Historical festival gathering steam
Update: Okanagan Steamfest has created a Youtube channel and posted their first promotional video.
May 2014 may be more than a year off, but planning is already well underway for an 18-month long festival to celebrate the centennial of not only the SS Sicamous, but the SS Naramata and the Kettle Valley Railway.
Steamfest will celebrate the impact of steam travel on the development of the Okanagan with a combination of events, exhibits, performances and culinary celebrations to recognize and remember the character and history of the South Okanagan.
It’s a chapter of local history that brought far-reaching changes to life in Penticton, according to Peter Ord, Penticton Museum curator and one of the Steamfest organizers.
“If you look at the arrival of these particular transports, you see how the changes to the valley occurred. The first settlement of Penticton was all about attracting people to develop agricultural land,” said Ord. But getting the farmers’ products to market prior to the arrival of the railroad to connect to the steamships like the Sicamous on the lake, was a difficult thing.
“Relying on the ships and trains really changed everything, because it allowed everything to happen much quicker. Otherwise, the only way to get into Penticton was by trails or really bumpy roads by stagecoach,” said Ord.

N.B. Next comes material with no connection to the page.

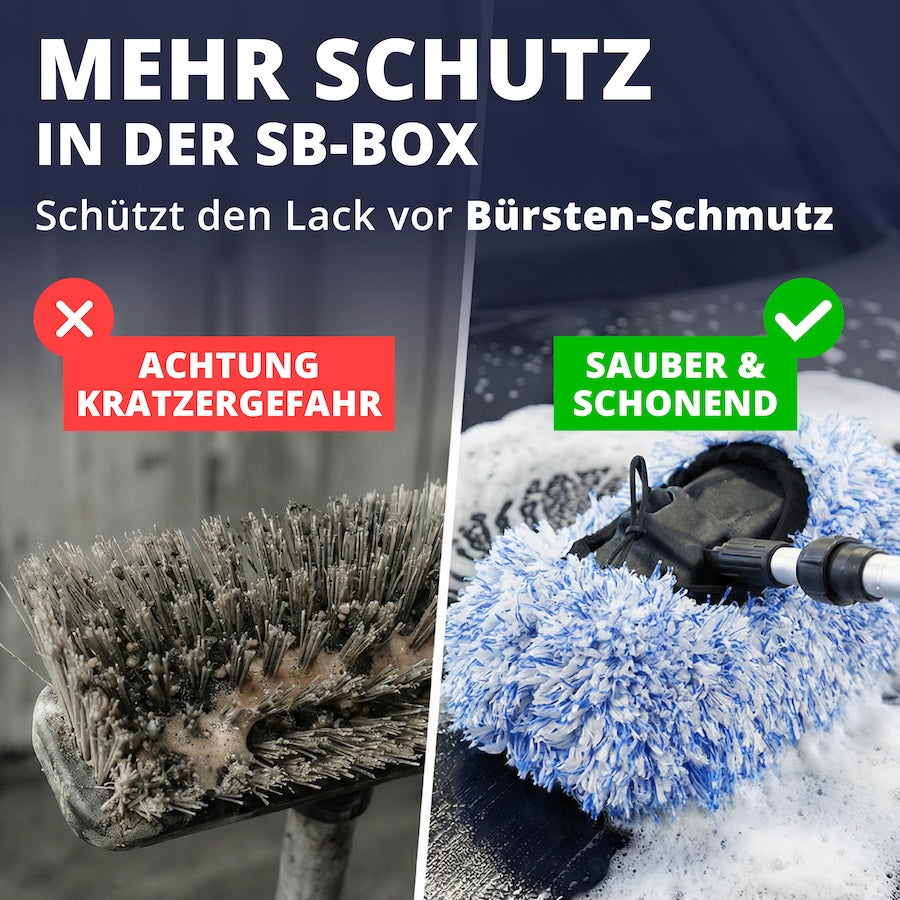 Schutz, den man sofort erkennt=>In SB-Waschboxen sammeln sich Schmutz und Rückstände in den Bürsten. Das Brush Cover schafft eine schützende Barriere und reduziert so das Risiko von Kratzern deutlich.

The Sicamous, ensconced in the sand at the west end of Okanagan Lake Beach, is perhaps the most visible reminder of the steam era, but two other important events also happened close to the time the classic paddle-wheeler was launched. The SS Naramata, is two weeks older than the Sicamous, and the Kettle Valley Railway was completed a year later.
Steamfest is being organized through a committee, with representatives from the SS Sicamous Restoration Society, the Kettle Valley Steam Railway, Penticton Museum and Archives, the Okanagan Historical Society, Peachfest and local businesses.

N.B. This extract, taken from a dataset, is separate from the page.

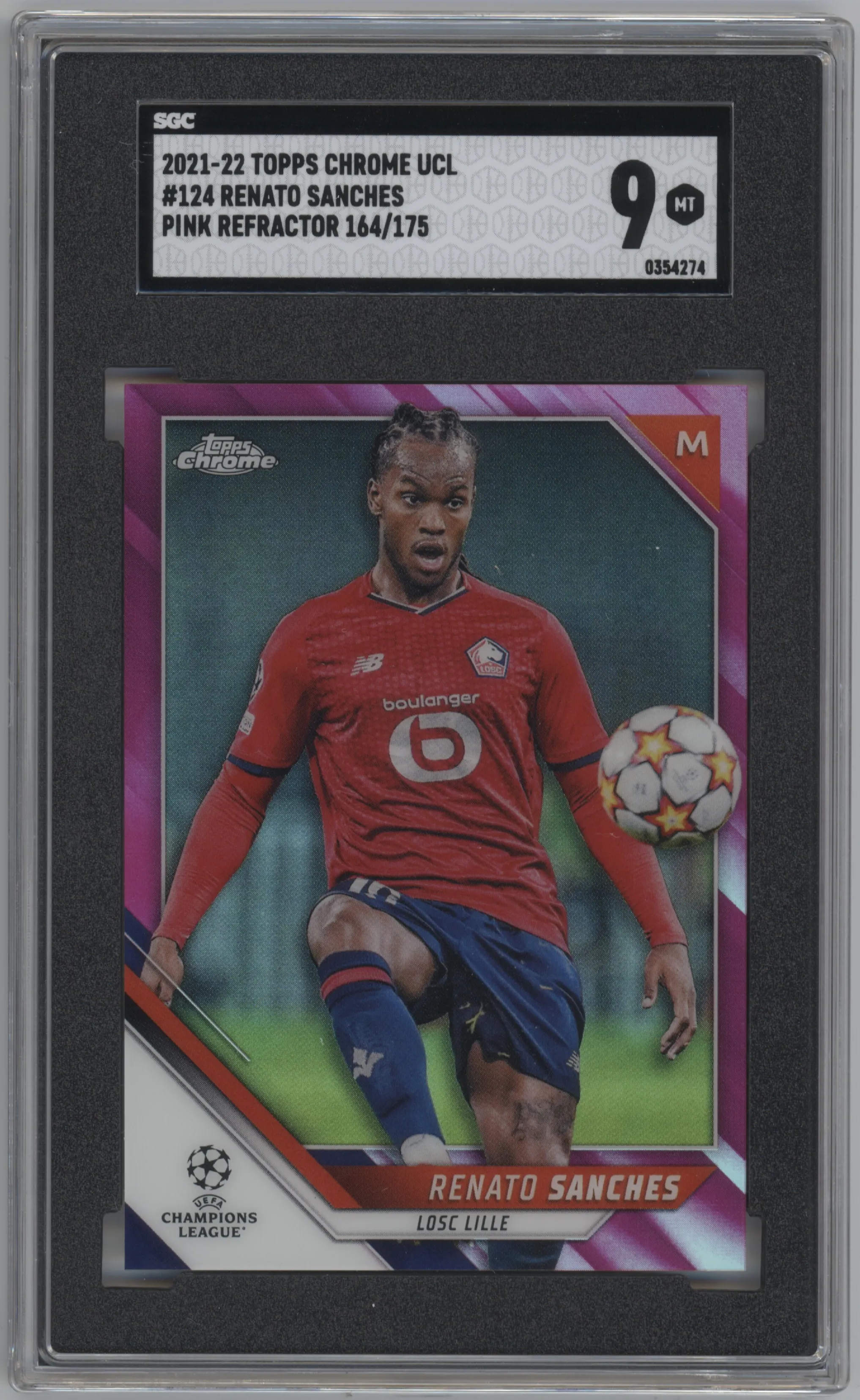 2021 Topps Chrome UEFA Champions League Renato Sanches Pink Refractor SGC 9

Altogether, it is expected to cost about $300,000, with 80 per cent of the budget coming through federal grants, like one from the Canadian Heritage Anniversaries fund, which Steamfest recently received Penticton city council’s support to pursue.
“That one will allow us to make it a valley-wide event,” said Ord, explaining that the amount of the grants they receive will determine the size of the festival.

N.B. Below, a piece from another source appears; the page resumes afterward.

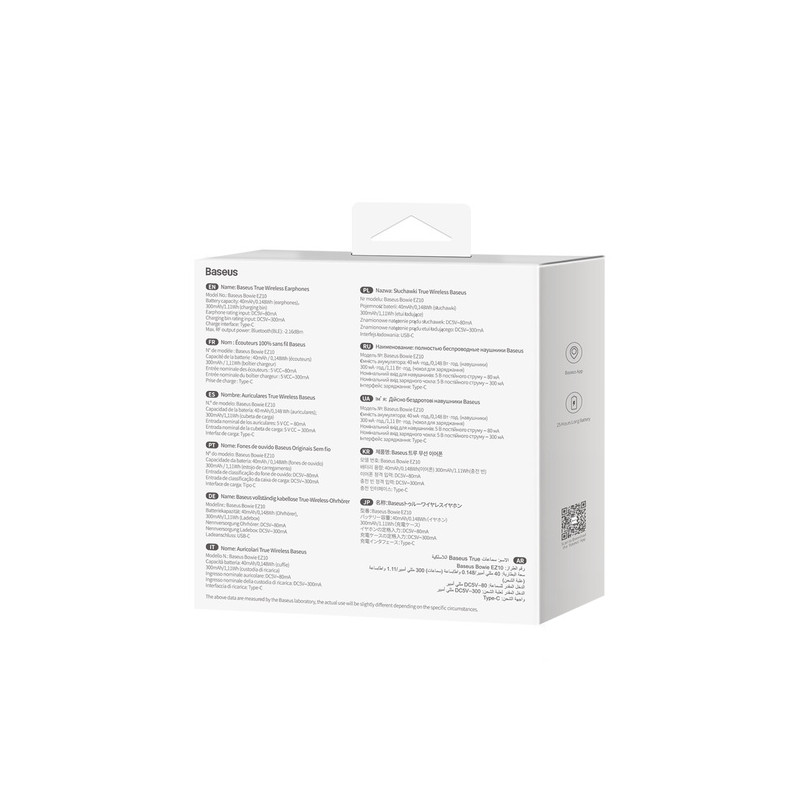 TWS Bluetooth 5.3 Bowie EZ10 belaidės ausinės, baltos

Events already planned include a travelling exhibit about steam technology and a travelling music show to tour the valley.
They are also planning a cooking competition using replicas of the rock ovens that were part of the daily life of the workers who built the KVR.
In the middle of the bush, using a rock oven is the way to go, said Ord. In association with the Naramata Bench Wineries, he continued, Steamfest wants to have a competition with local chefs to come out with dishes that they can cook in the rock ovens.
Both steamships and the steam railway were able to change the socioeconomic landscape of the area, making this an important era to remember, according to Ord.
“And it’s quite a unique story, if you look at how transport impacted the rest of Canada,” said Ord. “You can see that elsewhere in B.C., but there is more of a romantic element to this, in that you had both the trains and the paddle-wheelers working together.”